[[ DATA open ]]

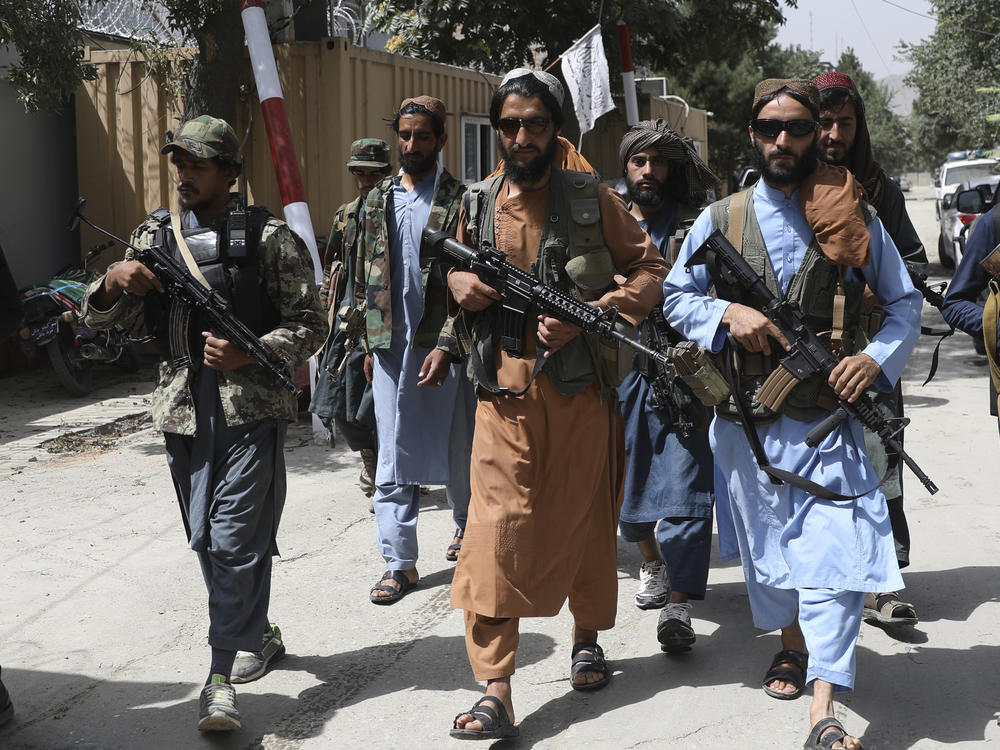 Taliban fighters patrol in the Wazir Akbar Khan neighborhood in the city of Kabul, Afghanistan, Wednesday, Aug. 18, 2021 as they seek to convince a wary population that they have changed.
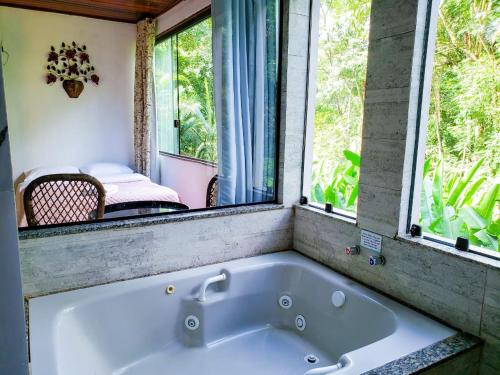 a bath tub in a room with two windows at Pousada Mirante do Penedo in Penedo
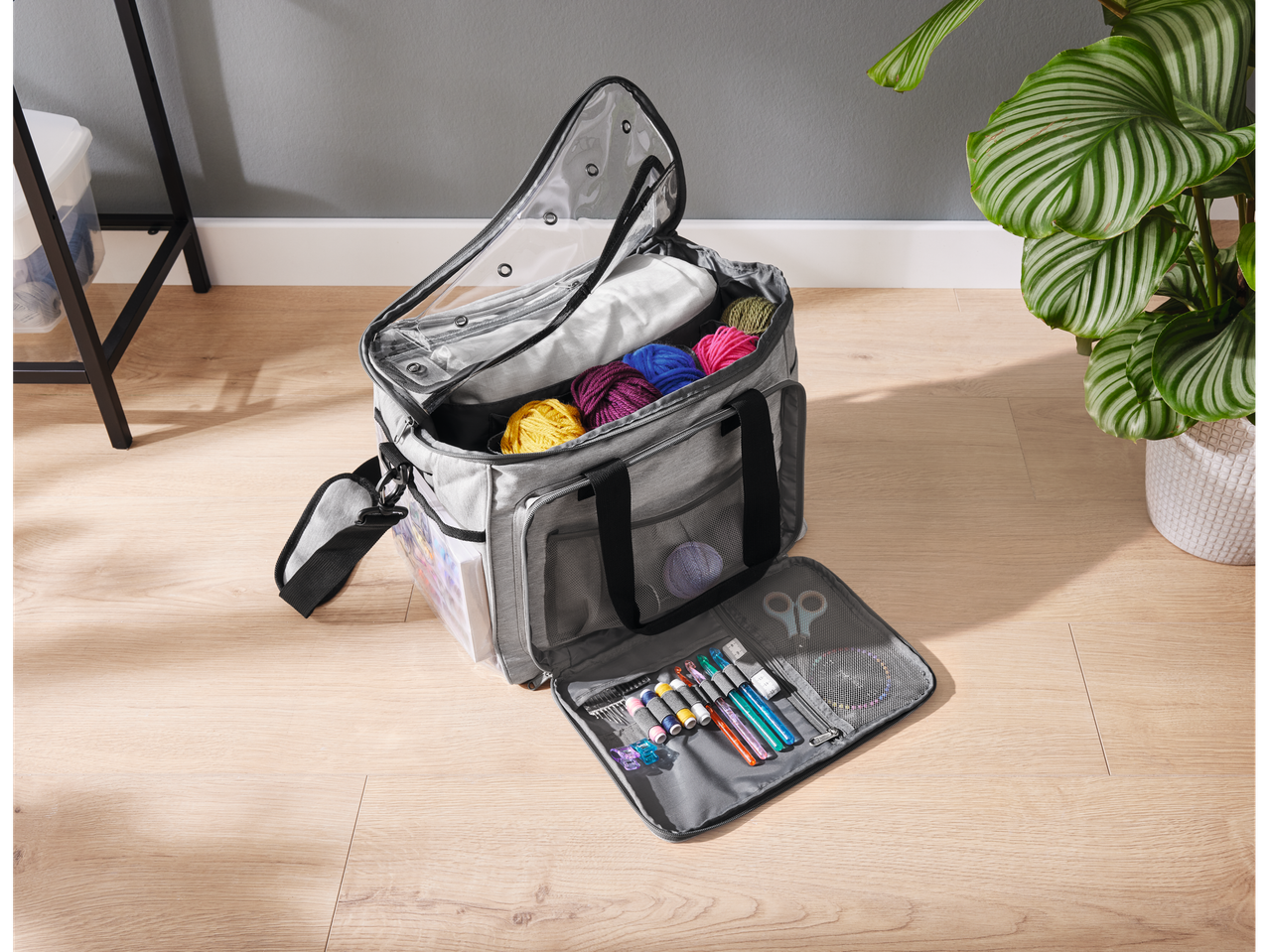 Knitting bag with yarn and accessories.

[[ DATA closed ]]

__WHAT IS BEING ASKED__.
The job here is to retype the data exactly, with no pictures included.

__ANSWER BOX__.
 Taliban fighters patrol in the Wazir Akbar Khan neighborhood in the city of Kabul, Afghanistan, Wednesday, Aug. 18, 2021 as they seek to convince a wary population that they have changed.
 a bath tub in a room with two windows at Pousada Mirante do Penedo in Penedo
 Knitting bag with yarn and accessories.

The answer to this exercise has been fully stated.